Let us suppose that experimental data comprising \(N_{\rm data}\) datapoints is distributed according to a multivariate normal distribution,

\[\begin{align} \mathbf{D} \sim N(FK(\boldsymbol{\theta}), \Sigma), \end{align}\]

where \(\Sigma\) is an \(N_{\rm data}\times N_{\rm data}\) experimental covariance matrix.

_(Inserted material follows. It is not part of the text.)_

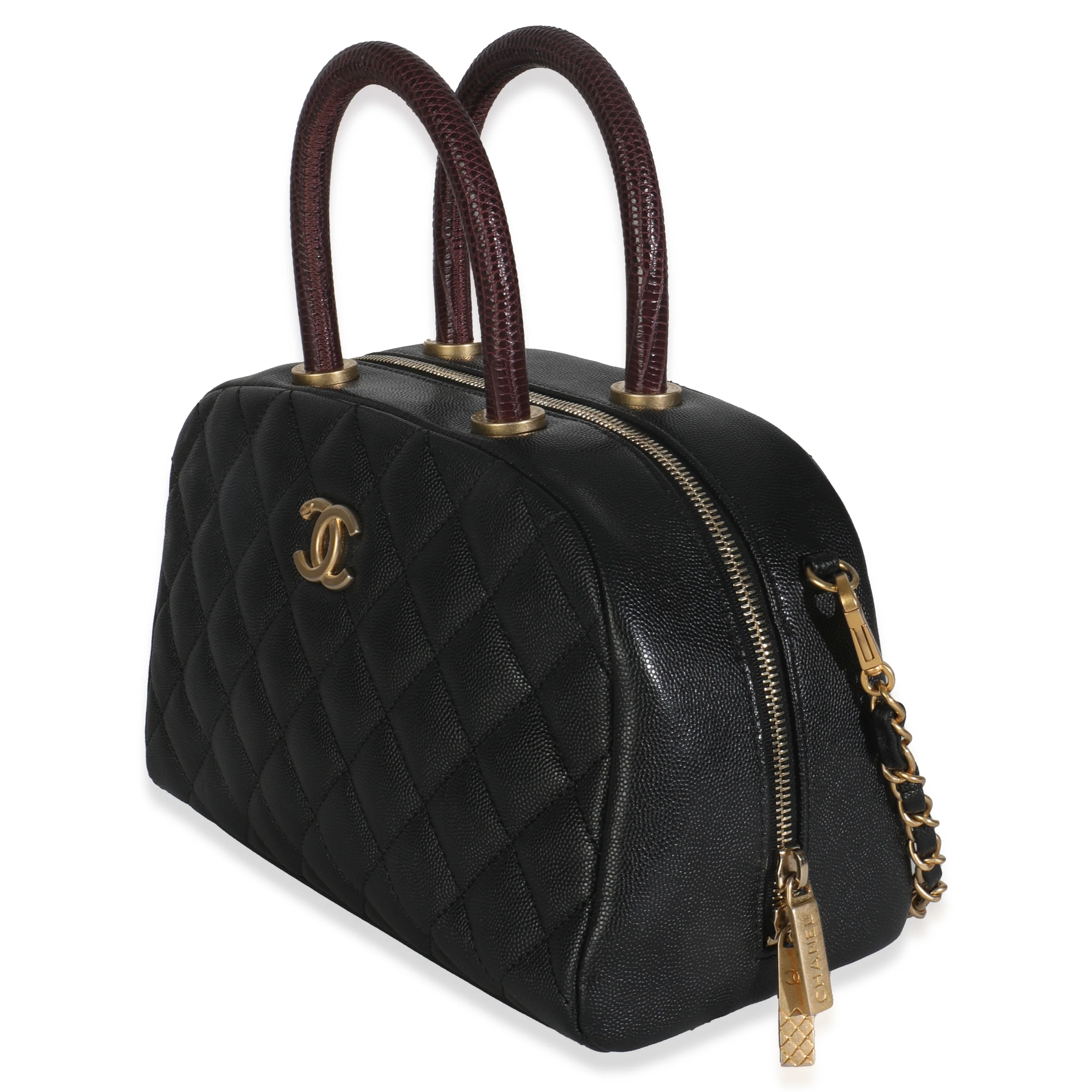 Black Quilted Caviar Coco Top Handle Bowling Bag - Image 2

Since in Bayesian statistics, \(\boldsymbol{\theta}\) itself is assumed to be a random variable, it has some associated prior probability density \(\pi(\boldsymbol{\theta})\) which, in what follows, we will assume to be a “sufficiently” wide uniform probability density. Bayes’ theorem then tells us that after an observation \(\mathbf{D}_0\) of \(\mathbf{D}\), the probability density of \(\boldsymbol{\theta}\) is:

(1)\[p(\boldsymbol{\theta}\mid\mathbf{D}_0) = \frac{\pi(\boldsymbol{\theta})\,L(\mathbf{D}_0\mid\boldsymbol{\theta})}{Z} = \frac{\pi(\boldsymbol{\theta}) \exp\!\bigl(-\tfrac12 \|\mathbf{D}_0 - FK(\boldsymbol{\theta})\|^2_{\Sigma}\bigr)} {\displaystyle \int d\boldsymbol{\theta}\;\pi(\boldsymbol{\theta}) \exp\!\bigl(-\tfrac12 \|\mathbf{D}_0 - FK(\boldsymbol{\theta})\|^2_{\Sigma}\bigr)} ,\]

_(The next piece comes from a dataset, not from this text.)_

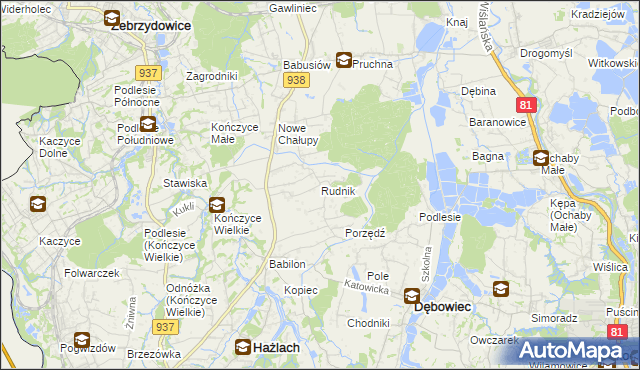 mapa Rudnik gmina Hażlach, Rudnik gmina Hażlach na mapie Targeo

where we wrote the generalised \(L_2\) norm as:

\[\|\vec{x}\|^2_{\Sigma} = \vec{x}^T\,\Sigma^{-1}\,\vec{x} \quad\text{for}\quad\vec{x}\in\mathbb{R}^{N_{\rm data}}.\]

Now let’s assume that \(\mathbf{D}_0 = (\mathbf{D}_1, \mathbf{D}_2)^T\), with \(\mathbf{D}_1\in\mathbb{R}^{n_1}\), \(\mathbf{D}_2\in\mathbb{R}^{n_2}\) and \(n_1+n_2 = N_{\rm data}\), and that the two measurements are uncorrelated. That is, the covariance matrix factorises;

\[\Sigma = \Sigma_1 \oplus \Sigma_2, \quad \Sigma_1\in\mathbb{R}^{n_1\times n_1}, \;\; \Sigma_2\in\mathbb{R}^{n_2\times n_2}.\]

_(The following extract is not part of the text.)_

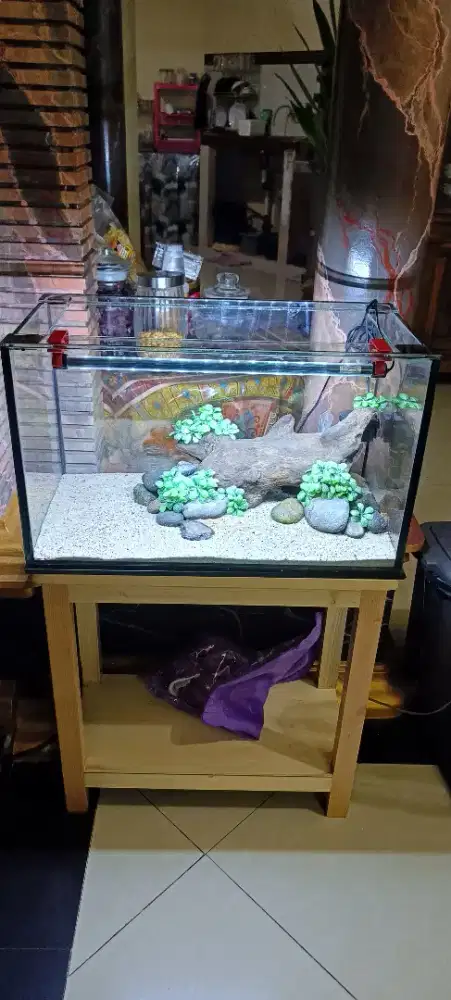Aquarium baru full 8mm 60*30*35, fullset meja ,filter, lampu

In this case, since the likelihood \(L(\mathbf{D}_0\mid\boldsymbol{\theta})\) factorises (block-diagonal \(\Sigma\)), we can write (1) as:

(2)\[p(\boldsymbol{\theta}\mid\mathbf{D}_0) = \frac{ \pi(\boldsymbol{\theta}) \exp\!\bigl(-\tfrac12\|\mathbf{D}_1-FK_1(\boldsymbol{\theta})\|^2_{\Sigma_1}\bigr) \exp\!\bigl(-\tfrac12\|\mathbf{D}_2-FK_2(\boldsymbol{\theta})\|^2_{\Sigma_2}\bigr) } { \displaystyle \int d\boldsymbol{\theta}\;\pi(\boldsymbol{\theta}) \exp\!\bigl(-\tfrac12\|\mathbf{D}_1-FK_1(\boldsymbol{\theta})\|^2_{\Sigma_1}\bigr) \exp\!\bigl(-\tfrac12\|\mathbf{D}_2-FK_2(\boldsymbol{\theta})\|^2_{\Sigma_2}\bigr) } ,\]

where we write \(FK(\boldsymbol{\theta}) = (FK_1(\boldsymbol{\theta}), FK_2(\boldsymbol{\theta}))^T\).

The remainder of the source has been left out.